| HN Mirror

To repeat, not a dig at FrontierCode, which is substantial progress in benchmarking. But I'd argue modeling the rest of process is tha(aaa)t valuable and becomes more so as coding capability progresses:

Async agents interact on a longer timescale, but they interact. Again, experienced SWEs, consulting agencies, etc. ask questions before and after implementation, accept notes, etc.; they vary at how good they are at it; and how well they do it is a big factor in the success and failure of projects.

LLM interaction ability isn't saturated or mature; asking for point edits mostly works, but e.g. when I try to get Opus to ask clarifying questions or surface tricky bits to focus review, it's not close to a human-level response -- it's both noisy and misses key stuff. (Handling uncertainty has been a weak point for LLMs since early on, which might not help.) Other aspects of good interaction are even harder, like digging into a potentially mistaken request, or proposing a good 80/20 tweak to the spec.

There's a different, shorter-term reason to model interaction: it better tells users the value to expect now. It turns out my employer doesn't love infinite Opus use. (Go figure.) Kimi and Sonnet do comparably on FrontierCode. Are they about the same to use, or is one flailing while the other one just needs a couple rounds of fixups? If I saw a benchmark that credibly approximated 'this model will save you this much time vs. that one' that would put it well above existing ones.

I do think a bunch of discussion, investment, etc. is based on the idea the industry will essentially be replaced with successful one-shotting with little interaction. The mistake there is to assume back-and-forth is inessential and only happens because the agents aren't that good at coding yet. For a long time lots back-and-forths were driven by the models' limitations at raw coding, which might've made that idea more appealing.

As the coding side gets better, drawing the rest of the owl becomes the hard part.
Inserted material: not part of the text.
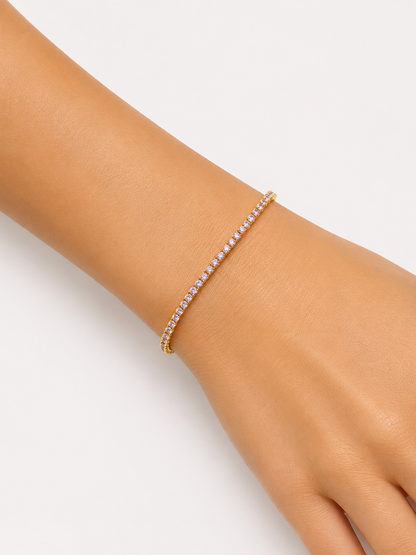 Pulseira Riviera Lilás 2mm Ouro 18k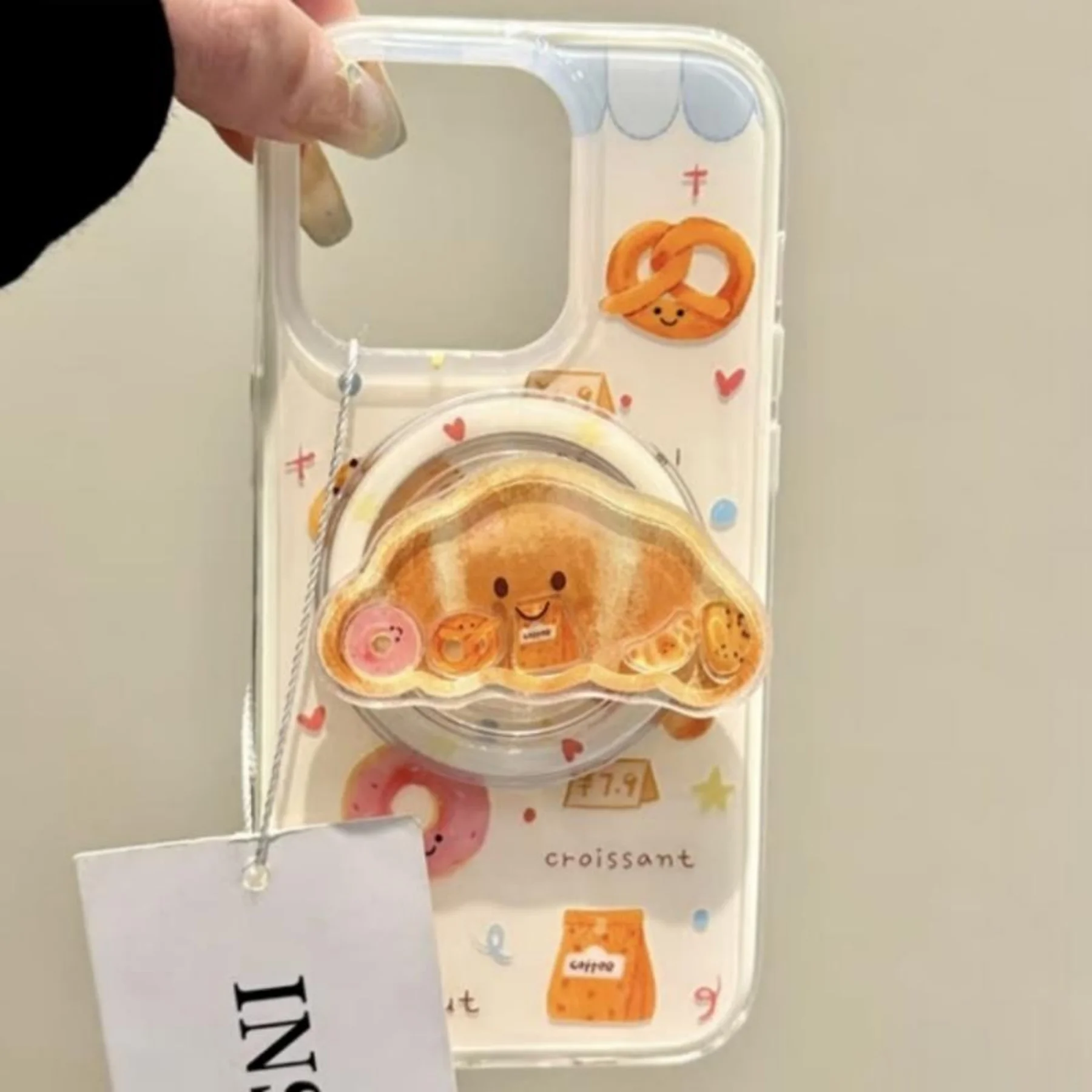 

Ins милый мультяшный круассан для держателя Griptok, подставка для телефона, кольцо на палец, поддержка iPhone 17, чехол Samsung Magsafe Smart Tok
The world is messy and so is one's software's boundary with it. (I'm not saying the tasks don't get longer, I'm saying interaction gets more important as they do.) My conviction here might partly because in my sort of work the requirements and big picture were always thornier than typing the code; I'm suspicious that as raw coding gets easier for everybody they will hit something analogous.

Anyway, again, what y'all are doing is progress. I do want to stick up for the idea that a lot of critical things aren't raw coding ability. (I'm not alone in that, I don't think!) I'm definitely not here to say someone's Doing It Wrong as they do it more correctly than I've seen it done--just asking "would the patch get accepted?" is a huge step.